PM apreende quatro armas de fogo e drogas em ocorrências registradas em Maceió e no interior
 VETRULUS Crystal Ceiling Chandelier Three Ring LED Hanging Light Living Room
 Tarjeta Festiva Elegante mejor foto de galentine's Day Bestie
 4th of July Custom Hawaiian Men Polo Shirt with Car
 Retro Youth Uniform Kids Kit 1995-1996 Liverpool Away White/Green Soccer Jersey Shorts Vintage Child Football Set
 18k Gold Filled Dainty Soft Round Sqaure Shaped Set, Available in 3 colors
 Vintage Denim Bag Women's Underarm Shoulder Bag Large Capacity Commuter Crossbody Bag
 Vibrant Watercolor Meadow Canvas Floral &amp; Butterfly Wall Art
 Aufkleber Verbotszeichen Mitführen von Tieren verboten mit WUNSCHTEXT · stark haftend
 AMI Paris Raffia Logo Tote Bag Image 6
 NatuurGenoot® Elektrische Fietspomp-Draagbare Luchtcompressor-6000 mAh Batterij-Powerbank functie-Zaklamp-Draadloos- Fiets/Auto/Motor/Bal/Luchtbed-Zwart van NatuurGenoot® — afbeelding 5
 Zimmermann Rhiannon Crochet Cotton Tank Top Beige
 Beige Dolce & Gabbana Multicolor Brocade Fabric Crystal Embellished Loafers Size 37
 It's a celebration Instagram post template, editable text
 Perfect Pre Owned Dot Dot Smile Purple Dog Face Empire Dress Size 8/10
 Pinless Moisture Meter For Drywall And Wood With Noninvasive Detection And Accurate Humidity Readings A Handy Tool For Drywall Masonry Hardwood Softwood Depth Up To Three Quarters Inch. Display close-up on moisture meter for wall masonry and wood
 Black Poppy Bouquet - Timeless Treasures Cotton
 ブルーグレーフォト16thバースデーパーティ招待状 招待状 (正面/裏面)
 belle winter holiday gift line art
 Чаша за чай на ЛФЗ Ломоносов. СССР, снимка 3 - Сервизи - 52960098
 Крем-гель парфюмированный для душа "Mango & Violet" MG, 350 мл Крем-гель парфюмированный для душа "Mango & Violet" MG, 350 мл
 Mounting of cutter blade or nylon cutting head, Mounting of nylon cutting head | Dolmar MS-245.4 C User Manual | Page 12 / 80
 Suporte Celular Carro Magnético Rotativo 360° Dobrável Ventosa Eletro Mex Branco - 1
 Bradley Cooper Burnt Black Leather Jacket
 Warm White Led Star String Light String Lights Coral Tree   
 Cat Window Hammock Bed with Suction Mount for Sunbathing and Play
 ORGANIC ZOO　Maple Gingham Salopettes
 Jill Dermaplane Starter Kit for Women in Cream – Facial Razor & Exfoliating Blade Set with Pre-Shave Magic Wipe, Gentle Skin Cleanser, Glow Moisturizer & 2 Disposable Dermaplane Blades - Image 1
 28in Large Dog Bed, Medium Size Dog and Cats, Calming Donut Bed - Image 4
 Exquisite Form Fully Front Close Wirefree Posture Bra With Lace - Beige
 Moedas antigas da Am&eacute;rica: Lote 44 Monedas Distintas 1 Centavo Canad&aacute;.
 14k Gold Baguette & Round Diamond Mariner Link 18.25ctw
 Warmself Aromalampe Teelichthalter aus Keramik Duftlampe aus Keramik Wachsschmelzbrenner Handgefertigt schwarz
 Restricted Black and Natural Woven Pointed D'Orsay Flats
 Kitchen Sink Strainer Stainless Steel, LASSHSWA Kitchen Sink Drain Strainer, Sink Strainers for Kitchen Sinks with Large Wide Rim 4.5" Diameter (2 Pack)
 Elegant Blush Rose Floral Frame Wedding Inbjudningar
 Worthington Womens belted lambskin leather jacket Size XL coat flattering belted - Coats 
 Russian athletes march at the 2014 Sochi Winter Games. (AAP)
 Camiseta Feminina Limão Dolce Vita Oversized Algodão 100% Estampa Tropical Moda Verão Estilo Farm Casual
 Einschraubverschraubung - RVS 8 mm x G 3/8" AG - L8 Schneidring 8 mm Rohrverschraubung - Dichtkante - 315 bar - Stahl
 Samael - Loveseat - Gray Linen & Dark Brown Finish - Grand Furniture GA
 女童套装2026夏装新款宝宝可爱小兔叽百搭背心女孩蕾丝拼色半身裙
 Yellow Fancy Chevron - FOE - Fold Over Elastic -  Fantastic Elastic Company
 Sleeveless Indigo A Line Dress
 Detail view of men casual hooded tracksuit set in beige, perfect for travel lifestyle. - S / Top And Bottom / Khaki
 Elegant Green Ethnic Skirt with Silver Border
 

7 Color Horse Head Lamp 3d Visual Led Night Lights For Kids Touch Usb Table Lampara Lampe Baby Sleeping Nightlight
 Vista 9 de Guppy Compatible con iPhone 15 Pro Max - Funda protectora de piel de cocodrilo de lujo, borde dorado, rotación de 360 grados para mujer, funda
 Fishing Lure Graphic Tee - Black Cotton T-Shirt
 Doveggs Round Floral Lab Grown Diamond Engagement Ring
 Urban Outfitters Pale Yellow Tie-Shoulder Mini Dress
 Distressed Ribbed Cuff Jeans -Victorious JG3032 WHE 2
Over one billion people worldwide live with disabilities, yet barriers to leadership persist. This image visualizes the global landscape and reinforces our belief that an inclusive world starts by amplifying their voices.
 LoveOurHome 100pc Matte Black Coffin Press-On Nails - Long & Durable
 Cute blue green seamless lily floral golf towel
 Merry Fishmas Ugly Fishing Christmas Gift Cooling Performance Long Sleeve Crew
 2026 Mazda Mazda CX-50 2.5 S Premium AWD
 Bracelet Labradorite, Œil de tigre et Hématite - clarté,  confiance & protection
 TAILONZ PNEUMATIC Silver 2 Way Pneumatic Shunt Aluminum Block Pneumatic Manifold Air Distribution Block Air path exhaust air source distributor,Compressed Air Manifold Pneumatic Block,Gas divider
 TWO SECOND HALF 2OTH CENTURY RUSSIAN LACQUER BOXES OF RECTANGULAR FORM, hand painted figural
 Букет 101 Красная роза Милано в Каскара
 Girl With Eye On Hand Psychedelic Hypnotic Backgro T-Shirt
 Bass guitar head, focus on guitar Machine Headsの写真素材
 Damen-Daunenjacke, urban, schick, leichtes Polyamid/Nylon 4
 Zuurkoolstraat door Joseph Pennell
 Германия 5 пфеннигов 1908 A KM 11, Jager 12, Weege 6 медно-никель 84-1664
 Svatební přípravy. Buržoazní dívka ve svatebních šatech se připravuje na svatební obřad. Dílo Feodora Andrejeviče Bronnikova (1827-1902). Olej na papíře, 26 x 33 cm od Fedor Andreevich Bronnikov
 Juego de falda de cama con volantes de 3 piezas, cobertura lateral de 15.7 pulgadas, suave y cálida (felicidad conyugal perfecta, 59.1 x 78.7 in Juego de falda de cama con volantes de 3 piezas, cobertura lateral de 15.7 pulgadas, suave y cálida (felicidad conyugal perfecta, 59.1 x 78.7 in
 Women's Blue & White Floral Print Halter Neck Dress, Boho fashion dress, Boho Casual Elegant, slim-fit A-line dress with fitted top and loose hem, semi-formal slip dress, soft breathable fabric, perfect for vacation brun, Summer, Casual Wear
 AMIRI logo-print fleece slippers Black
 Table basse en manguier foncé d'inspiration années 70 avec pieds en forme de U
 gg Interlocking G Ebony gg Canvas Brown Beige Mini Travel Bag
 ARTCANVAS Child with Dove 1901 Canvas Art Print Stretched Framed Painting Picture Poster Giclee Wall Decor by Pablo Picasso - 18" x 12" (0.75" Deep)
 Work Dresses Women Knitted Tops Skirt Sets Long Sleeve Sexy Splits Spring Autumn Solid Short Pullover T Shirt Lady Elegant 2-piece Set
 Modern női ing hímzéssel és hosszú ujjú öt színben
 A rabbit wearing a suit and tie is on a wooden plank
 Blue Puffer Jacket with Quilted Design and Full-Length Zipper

+-------+

**WHAT NEEDS TO BE DONE:**
Once you find the line with "Zimmermann Rhiannon Crochet" in the entries above, output it and each line after it up to and including the line with "ブルーグレーフォト16thバースデーパーティ招待状 招待状 (正面/裏面)", and nothing else.

**ANSWER BOX:**
 Zimmermann Rhiannon Crochet Cotton Tank Top Beige
 Beige Dolce & Gabbana Multicolor Brocade Fabric Crystal Embellished Loafers Size 37
 It's a celebration Instagram post template, editable text
 Perfect Pre Owned Dot Dot Smile Purple Dog Face Empire Dress Size 8/10
 Pinless Moisture Meter For Drywall And Wood With Noninvasive Detection And Accurate Humidity Readings A Handy Tool For Drywall Masonry Hardwood Softwood Depth Up To Three Quarters Inch. Display close-up on moisture meter for wall masonry and wood
 Black Poppy Bouquet - Timeless Treasures Cotton
 ブルーグレーフォト16thバースデーパーティ招待状 招待状 (正面/裏面)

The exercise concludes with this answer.